Required work: Reproduce the material below only from the line with "Capa fantasma amarillo talla L adulto" to the line with "Мікшерний пульт Park Audio PM1444", both included, keeping each line exact and dropping the pictures.

Data to examine:
******************************

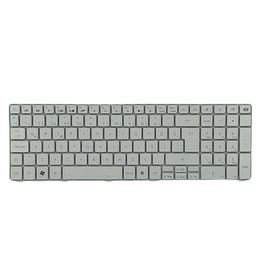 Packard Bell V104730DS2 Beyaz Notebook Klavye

******************************

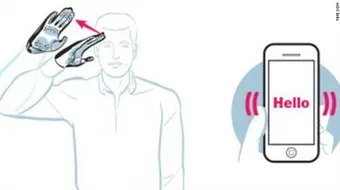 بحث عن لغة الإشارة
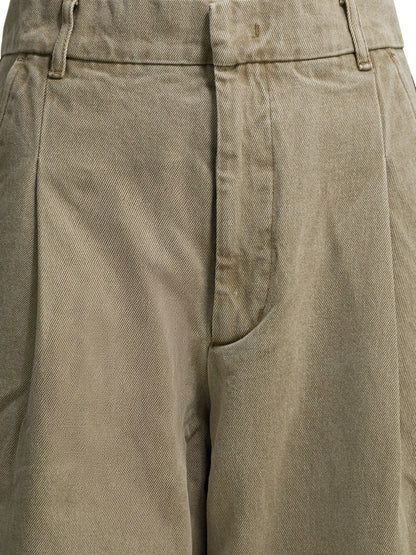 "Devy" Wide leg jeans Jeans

******************************

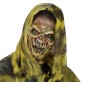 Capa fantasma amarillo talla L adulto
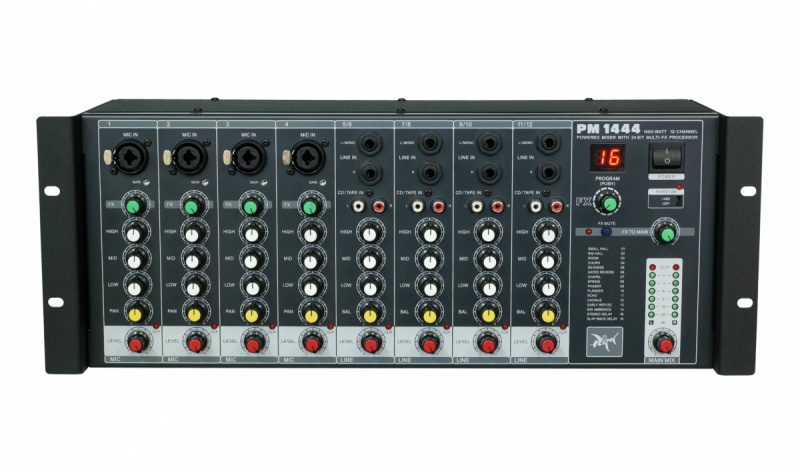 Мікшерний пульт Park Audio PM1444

******************************

Response area:
 Capa fantasma amarillo talla L adulto
 Мікшерний пульт Park Audio PM1444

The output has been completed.